## Exercise objective
The expected output is an exact copy of the lines from the one containing "Set aus 2 dekorative" to the final line below, minus any pictures.

## Stored data
================================
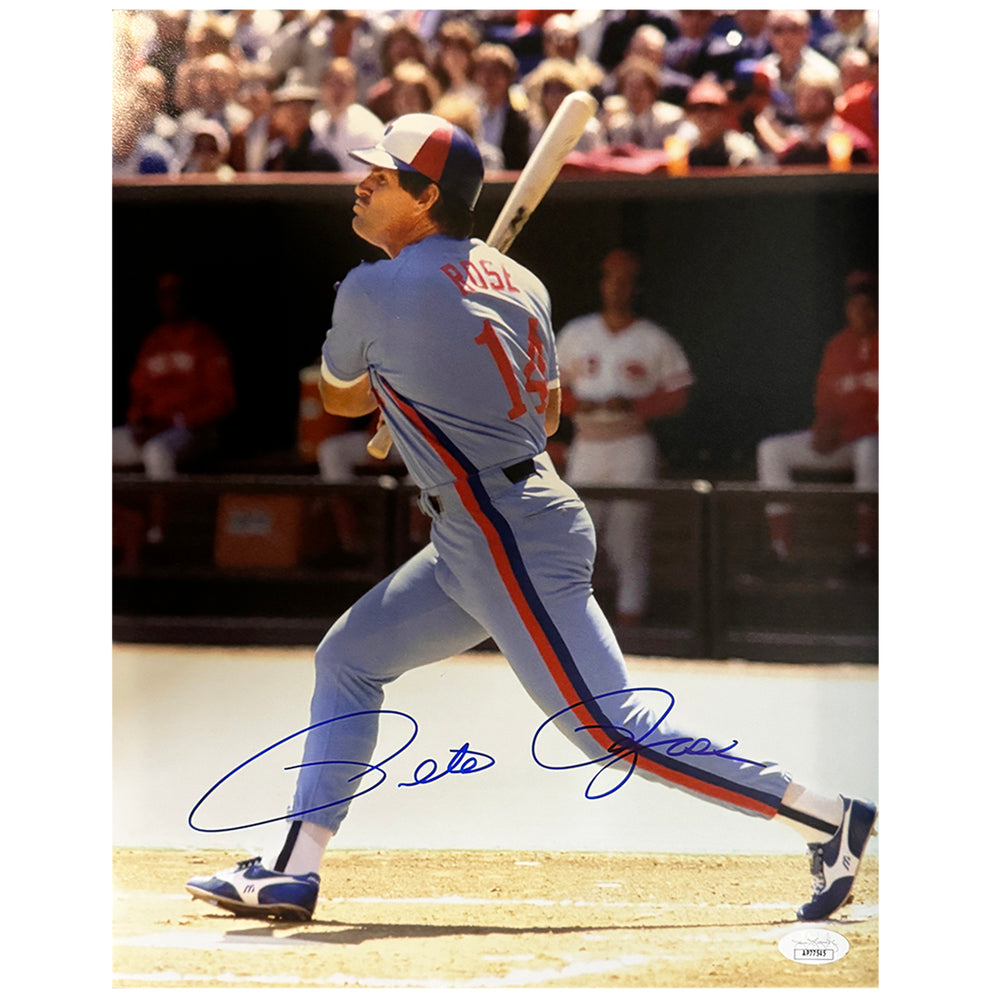 Pete Rose Signed Montreal Pose 8 Baseball 8x10 Photo (JSA)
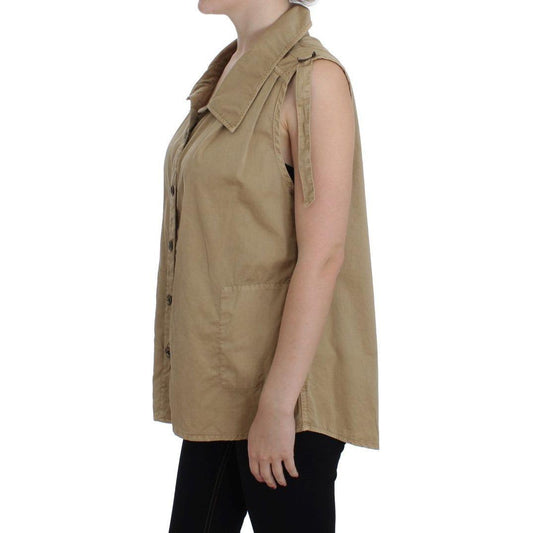 PLEIN SUD Beige Sleeveless Cotton Blouse PLEIN SUD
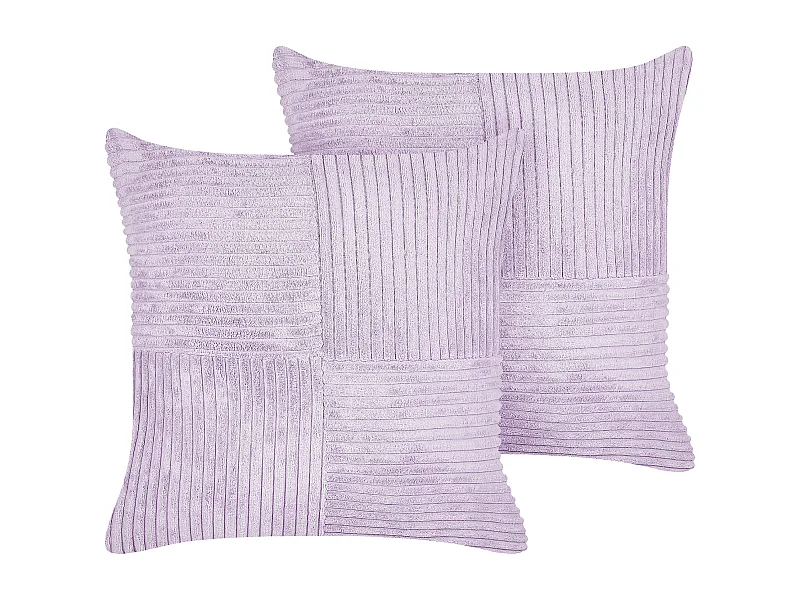 Set aus 2 dekorative Kissen aus Cord 43 x 43 cm Violett Millet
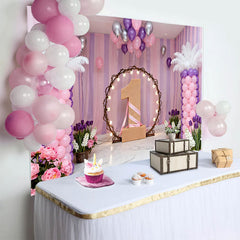 Lofaris Toile de Fond Anniversaire Floral Rose et Violet Chiffre Un Lumineux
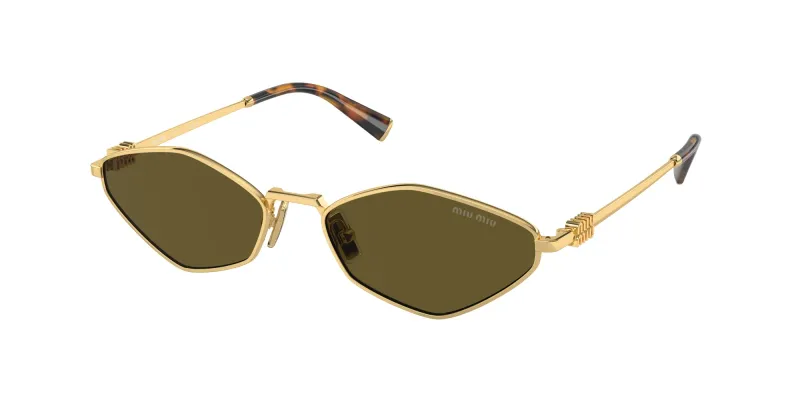Miu Miu Woman Miu Miu MU 56ZS 5AK09Z Sunglasses Metal Gold Brown Geometric Normal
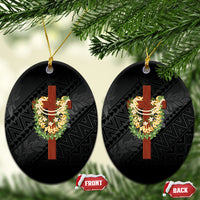 Hawaii ⁠Ka Pule a ka Haku Memorial Ceramic Ornament Flower Lei Cross - Black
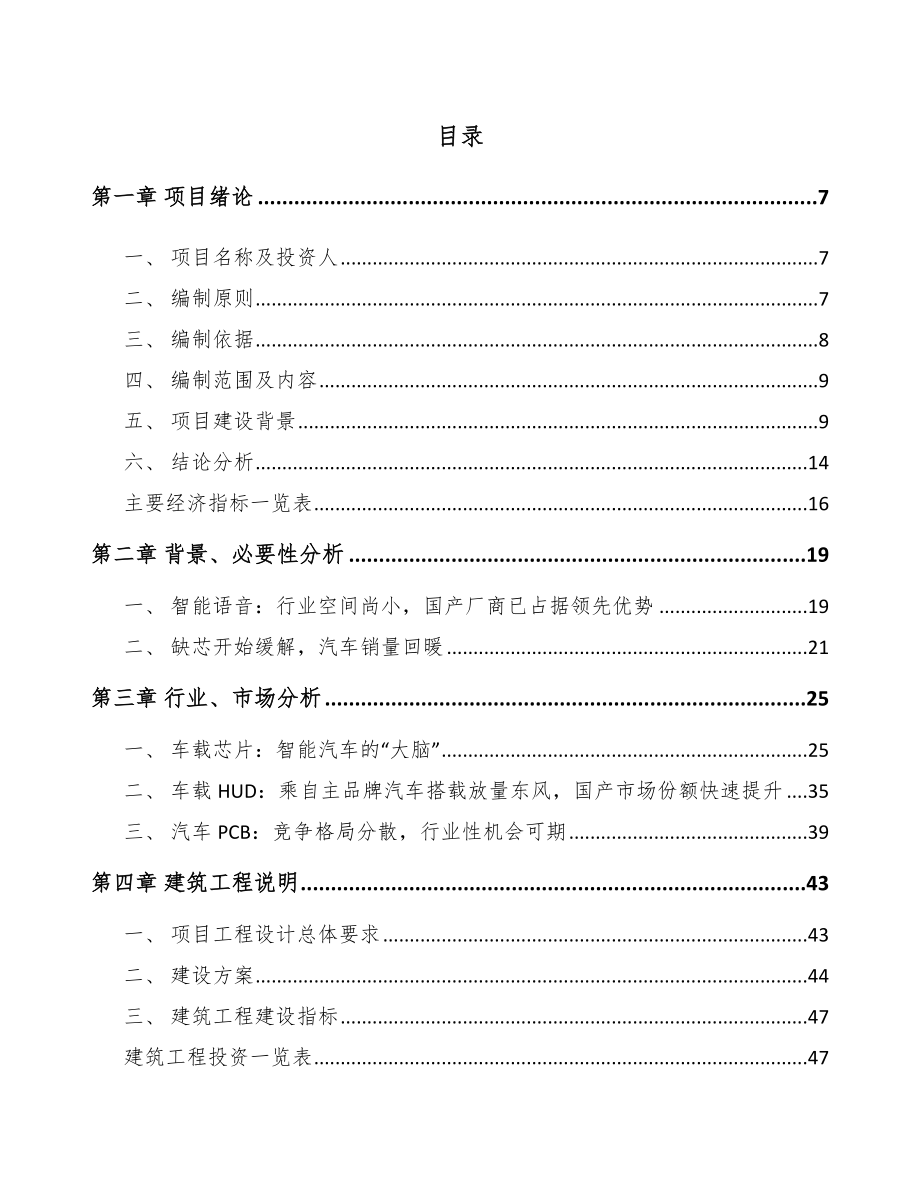 XX汽车电子项目可行性研究报告_第1页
================================
## Answer to this problem
 Set aus 2 dekorative Kissen aus Cord 43 x 43 cm Violett Millet
 Lofaris Toile de Fond Anniversaire Floral Rose et Violet Chiffre Un Lumineux
Miu Miu Woman Miu Miu MU 56ZS 5AK09Z Sunglasses Metal Gold Brown Geometric Normal
 Hawaii ⁠Ka Pule a ka Haku Memorial Ceramic Ornament Flower Lei Cross - Black
 XX汽车电子项目可行性研究报告_第1页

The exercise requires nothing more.